Spending public funds on information campaigns is routine for most state agencies. But the amount spent by Indonesia's central bank between 1999 and 2004 was surprisingly generous: about $500,000. More troubling was where the money allegedly went. The recipients, say anticorruption campaigners, were lawmakers on the oversight commission for Bank Indonesia.
Indonesia's Corruption Eradication Commission and the parliament's ethics council are now investigating the allegations that lawmakers extorted money to pass banking laws. Indonesian Corruption Watch, the group that obtained leaked documents from Bank Indonesia, says it has uncovered eight other similar cases of large bribes paid to parliament.
To a public weary of sleaze, the news that lawmakers were on the take barely made a ripple. Opinion polls suggest that parliament and political parties are held in low esteem by ordinary voters, who nevertheless have turned out in droves to vote since democracy was restored in 1999.
Behind the latest scandals is the thorny question of how political parties in Indonesia should be funded and whether political graft is undermining faith in democracy. Campaigners warn that if corruption goes unchecked, Indonesia – the world's largest Muslim-majority country and perhaps the most functional democracy in the Islamic world – may lose its democratic zeal.

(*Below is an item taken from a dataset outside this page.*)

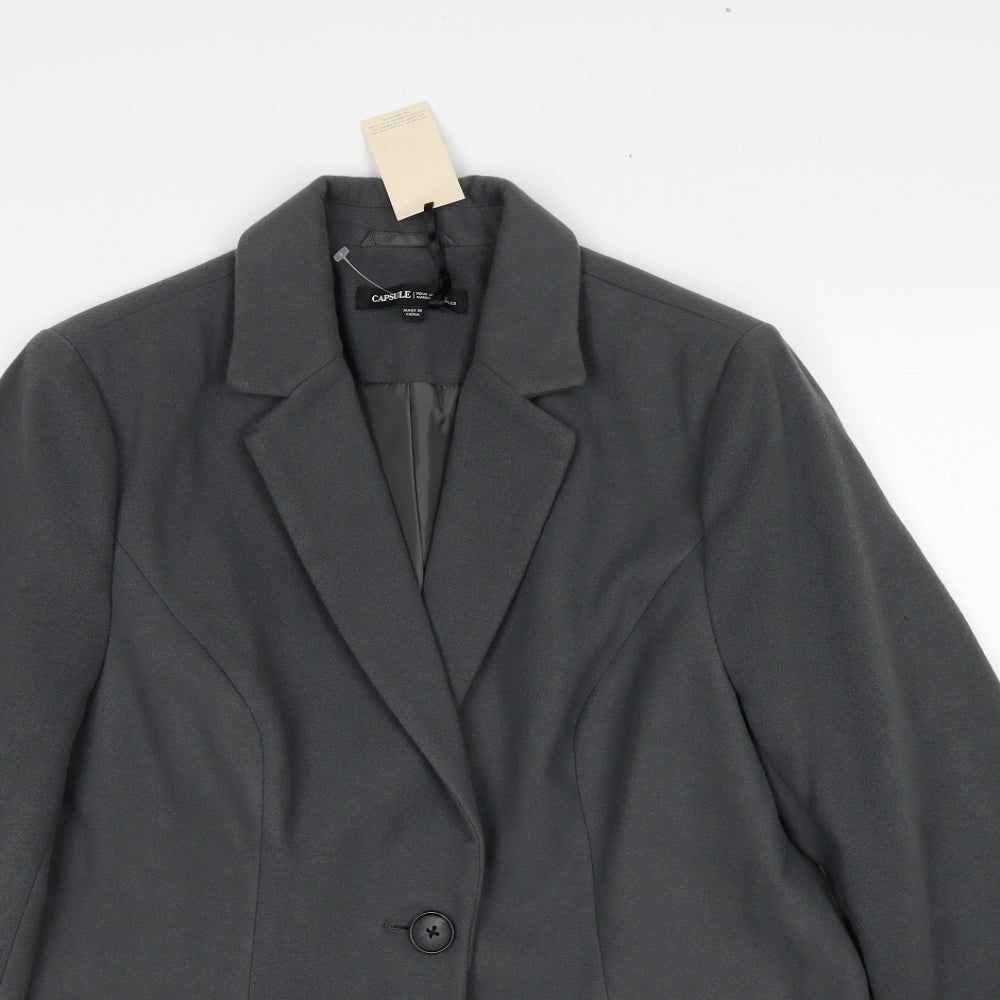 Capsule Womens Grey Polyester Jacket Blazer Size 14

It's a dilemma that goes beyond Indonesia, say analysts. In the absence of mass membership dues, many political parties rely on private donations or taxpayers' money to support their activities. Corporate giving is often dogged by accusations of influence-peddling. But making a case for public funding of Indonesian politicians to keep them honest isn't easy.
"It vexes people throughout the world, how to fund politics. What's difficult is that politics and democracy costs money, says Jeremy Gross, elections program manager at the Asia Foundation in Jakarta. "In a country where you have high levels of poverty, it's very difficult for politicians to say they're going to clean up politics by giving large amounts to political parties to function."